Raw data:

::::::

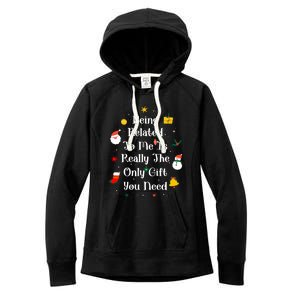 Being Related To Me Is Really The Only Gift You Need Gift Women's Fleece Hoodie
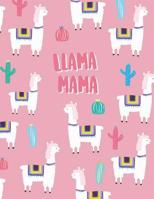 Llama Mama: Llama Notebook ★ Personal Notes ★ Daily Diary ★ Office Supplies 8.5 X 11 - Big Notebook 150 Pages College Ruled 1090644817 Book Cover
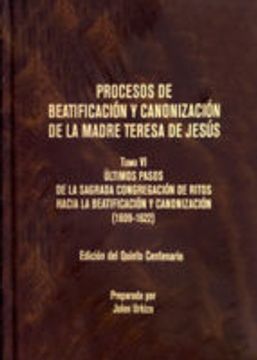 portada PROCESOS DE BEATIFICACIÓN Y CANONIZACIÓN DE LA MADRE TERESA DE JESUS T. VI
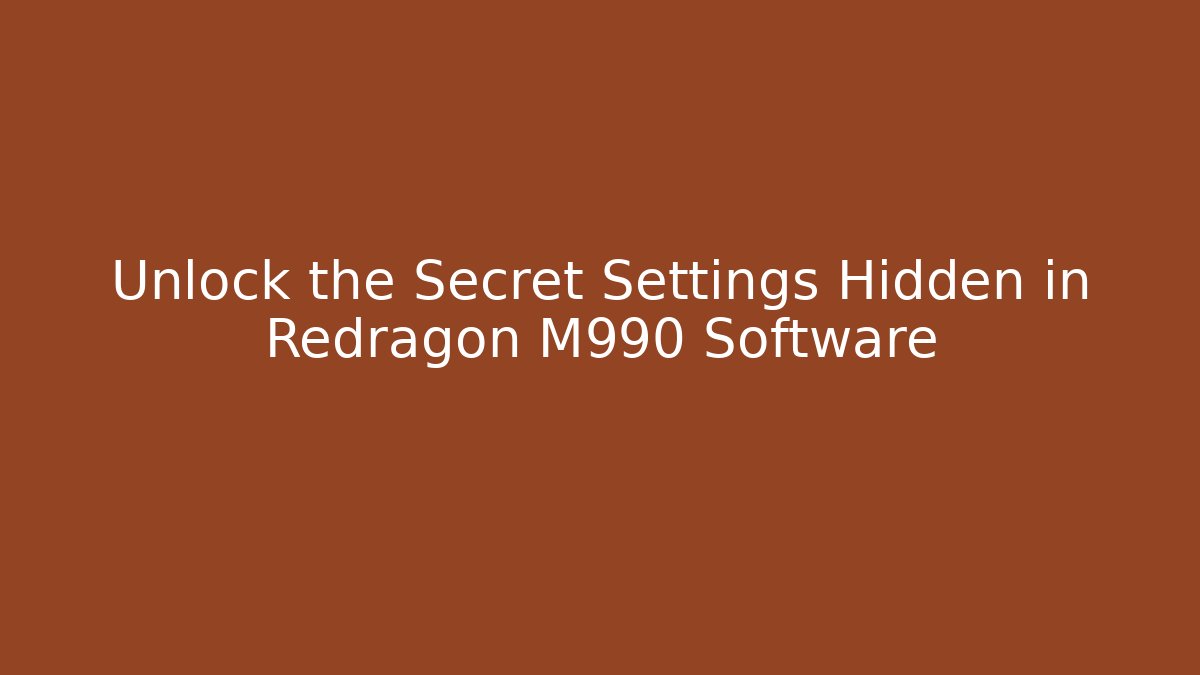 Unlock the Secret Settings Hidden in Redragon M990 Software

::::::

About this exercise:
Only the text of the listing above should be copied, exactly and with pictures left out.

Exercise answer:
 Being Related To Me Is Really The Only Gift You Need Gift Women's Fleece Hoodie
 Llama Mama: Llama Notebook ★ Personal Notes ★ Daily Diary ★ Office Supplies 8.5 X 11 - Big Notebook 150 Pages College Ruled 1090644817 Book Cover
 portada PROCESOS DE BEATIFICACIÓN Y CANONIZACIÓN DE LA MADRE TERESA DE JESUS T. VI
 Unlock the Secret Settings Hidden in Redragon M990 Software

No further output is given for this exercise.